St Vincent produced their last album, but Brownstein and co-founder Corin Tucker did this one on their own. There is poppy, Siouxsie-ish neurosis on the title track, with its refrain of “you can never love me enough” – a sense of twosome intensity that fits a band now down to its original pairing and writing in a year of global claustrophobia. The single “Worry With You” – with its snake-like riff and a rappy verse that sounds oddly like the Red Hot Chilli Peppers – is accompanied by a touching video of two girls living and loving together in a too-small house. It’s been a year of violent protests in Portland where the band are based, and these stories are there in “Bring Mercy” (“How did we lose our city, rifles running through our streets?”) and in the spiky “Down The Line” (“It’s not the summer we were promised, it’s the summer we deserved”). But Sleater-Kinney bring a battering ram of companionship against it all, and that’s where the music really touches you: “If it’s coming for us, darling, take my hand and dance me own the line”. “Complex Female Characters” has had a bit of attention in the press, aimed at men who claim to admire powerful women as long as they don’t have to deal with them in real relationships. But as a satire it feels a bit dated – like it should have come out a few years ago, around the time the film world identified the Manic Pixie Dream Girl.  

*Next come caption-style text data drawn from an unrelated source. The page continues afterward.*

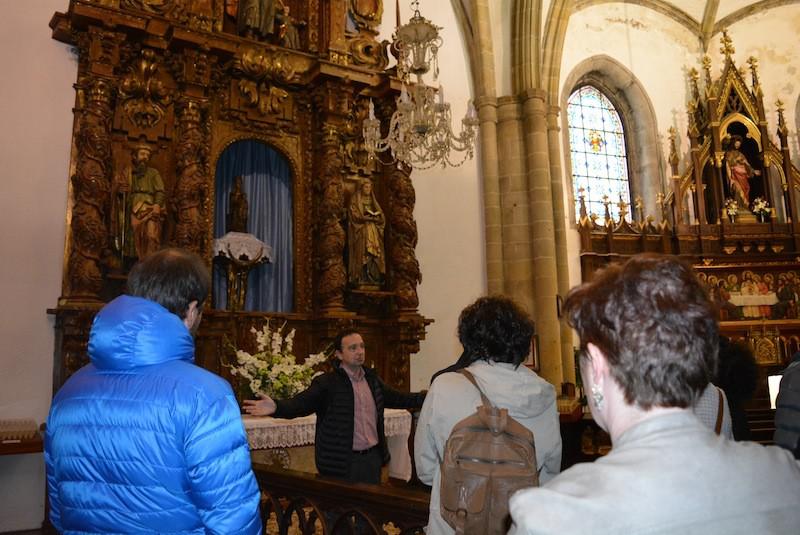 Juan Manuel Gonzalez Cembellin Jasokundeko Andra Maria Basilikara egin den bisita gidatuan.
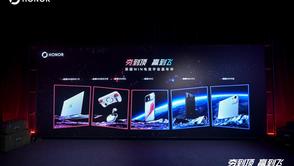 行业最高240Hz OLED电竞屏， 荣耀WIN平板国补到手价3699元起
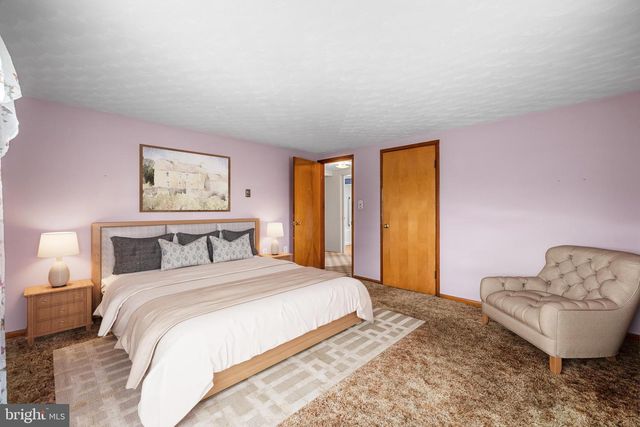 12706 HIGH POINT RD, Felton, PA 17322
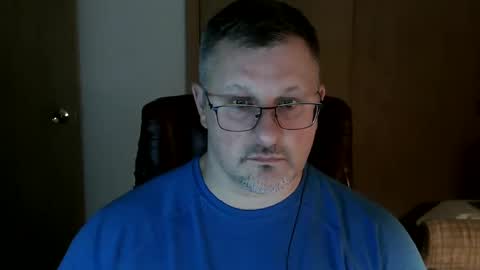 lookin75 online show from October 21, 3:42 am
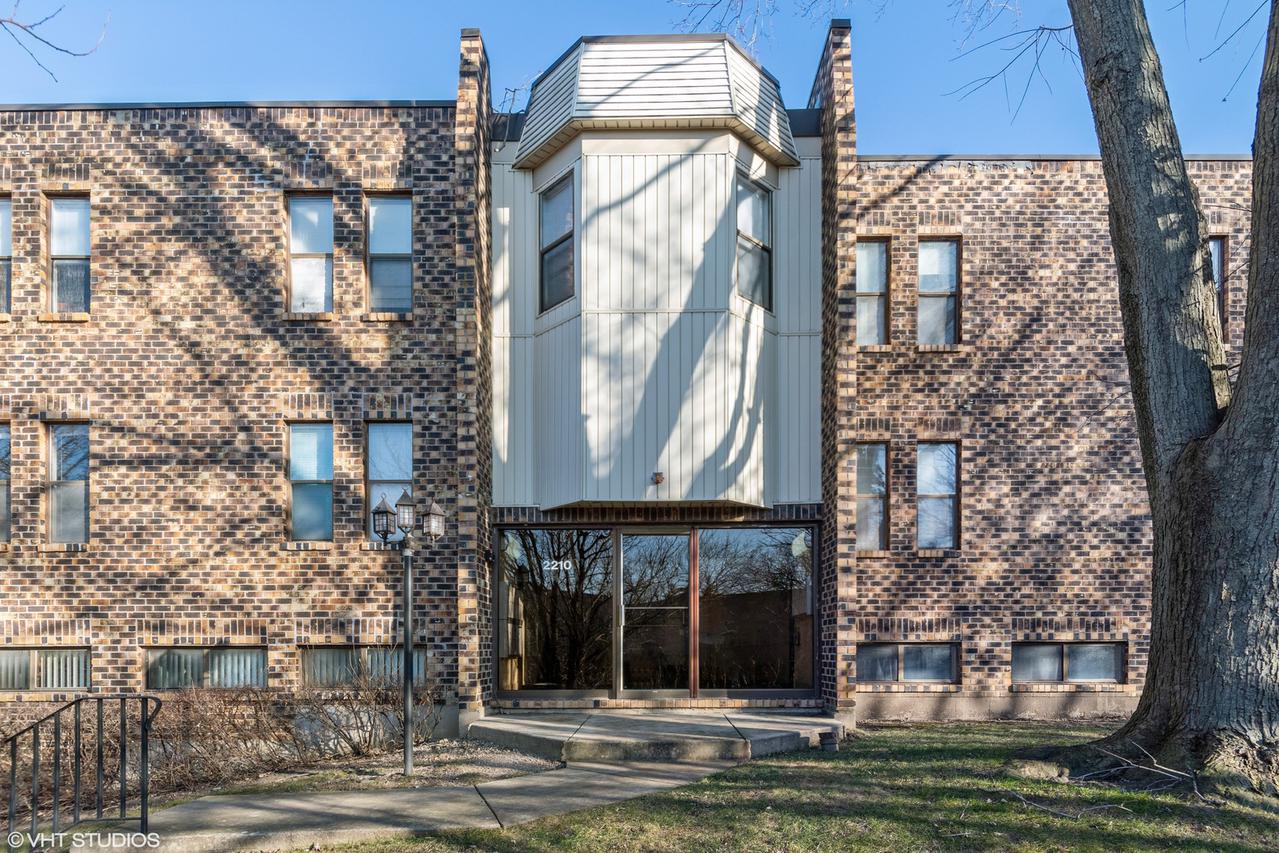 2210 Country Club Dr. #13, Woodridge, IL 60517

Essentially, Path of Wellness is an album dripping in tunes and musical warmth and wearing its messages lightly. Brownstein, once voted one of the most underrated guitarists of all time, plays some delicious harmonics at the end of “Shadow Town”, while the psychedelic “Tomorrow’s Grave” features a mysterious six-armed drummer. It is a record full of the heavy-but-bright sound Sleater-Kinney do best. If you don’t have time to listen to it, flick to “Favourite Neighbour”, whose chanty chorus just sound fantastically fun to sing. Brownstein and Tucker’s double-tracked vocals, so energising somehow, are the musical motif of a united front.